Bidirectional Cross-Modal Prompting for Event-Frame Asymmetric Stereo

TL;DR

Bi-CMPStereo framework significantly improves accuracy and generalization in event-frame asymmetric stereo matching.

cs.CV πŸ”΄ Advanced 2026-04-17 36 views
Ninghui Xu Fabio Tosi Lihui Wang Jiawei Han Luca Bartolomei Zhiting Yao Matteo Poggi Stefano Mattoccia
event camera stereo matching deep learning cross-modal computer vision

Key Findings

Methodology

The paper introduces a novel framework called Bi-CMPStereo, which utilizes bidirectional cross-modal prompting to bridge the modality gap between event and frame cameras. The approach involves learning finely aligned stereo representations within a target canonical space and projecting each modality into both event and frame domains to integrate complementary representations. Key components include the Stereo Canonicalization Constraint (SCC) and Cross-Domain Embedding Adapter (CDEA), which enhance target domain features and achieve high-fidelity cross-modal alignment.

Key Results

  • On the DSEC dataset, Bi-CMPStereo achieved a mean absolute error (MAE) of 0.532, significantly outperforming state-of-the-art methods like ZEST and SEVFI-Net.
  • In cross-dataset generalization tests on the MVSEC dataset, Bi-CMPStereo excelled across all test scenarios, demonstrating its robust generalization capabilities.
  • Ablation studies showed that removing the CDEA and SCC modules led to significant performance drops, underscoring their importance in the framework.

Significance

This research holds significant implications for 3D perception under fast motion and challenging illumination conditions. By effectively combining the strengths of event and frame cameras, the Bi-CMPStereo framework achieves higher accuracy and better generalization in stereo matching. This approach offers reliable 3D perception solutions for fields such as robotics, autonomous driving, and augmented reality.

Technical Contribution

The Bi-CMPStereo framework addresses the modality gap between events and frames through bidirectional cross-modal prompting. Its technical contributions include: 1) introducing the Stereo Canonicalization Constraint (SCC) for high-fidelity cross-modal alignment; 2) designing the Cross-Domain Embedding Adapter (CDEA) to enhance target domain features; 3) achieving robust asymmetric stereo matching through bidirectional cost volumes.

Novelty

Bi-CMPStereo is the first framework to employ bidirectional cross-modal prompting in event-frame asymmetric stereo matching. Compared to existing methods, it not only significantly improves accuracy but also excels in generalization, addressing long-standing issues of information loss in cross-modal alignment.

Limitations

  • The sparsity of events in static or low-texture regions may lead to insufficiently dense depth estimation.
  • The method's high computational cost may limit its applicability in real-time applications.
  • In extreme lighting conditions, frame cameras may still suffer from blurring issues.

Future Work

Future research directions include: 1) further optimizing the algorithm to reduce computational costs; 2) exploring applications in more complex scenarios, such as nighttime driving; 3) investigating integration with other sensors, like LiDAR, to enhance depth perception capabilities.

AI Executive Summary

In the field of computer vision, stereo matching is a crucial technique widely used in robotics, autonomous driving, and augmented reality. However, traditional frame-based cameras often suffer from limited temporal resolution and motion blur in dynamic scenes. Event cameras, as a novel type of visual sensor, can detect per-pixel illumination changes with microsecond temporal resolution, offering higher dynamic range and extremely low latency.

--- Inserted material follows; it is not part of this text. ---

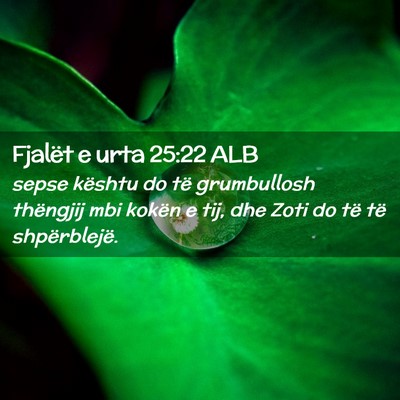 Picture 02 - Fjalët e urta 25:22 ALB - sepse kështu do të grumbullosh thëngjij mbi - Bible Verse Picture
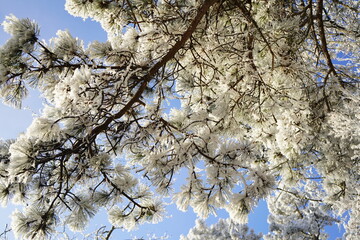 Pine branches covered with snow and ice against blue sky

This paper introduces a novel framework called Bi-CMPStereo, designed to address the modality gap between event and frame cameras. The framework learns finely aligned stereo representations within a target canonical space and projects each modality into both event and frame domains to integrate complementary representations. Its core components include the Stereo Canonicalization Constraint (SCC) and Cross-Domain Embedding Adapter (CDEA), which enhance target domain features and achieve high-fidelity cross-modal alignment.

In experiments, Bi-CMPStereo demonstrated outstanding performance on both the DSEC and MVSEC datasets, significantly outperforming existing state-of-the-art methods. Notably, on the DSEC dataset, Bi-CMPStereo achieved a mean absolute error (MAE) of 0.532, showcasing its strong performance under challenging illumination conditions. Additionally, the framework excelled in cross-dataset generalization tests, validating its robust generalization capabilities.

The successful application of the Bi-CMPStereo framework opens new possibilities for 3D perception, especially under fast motion and challenging illumination conditions. By effectively combining the strengths of event and frame cameras, this framework offers reliable 3D perception solutions for fields such as robotics, autonomous driving, and augmented reality.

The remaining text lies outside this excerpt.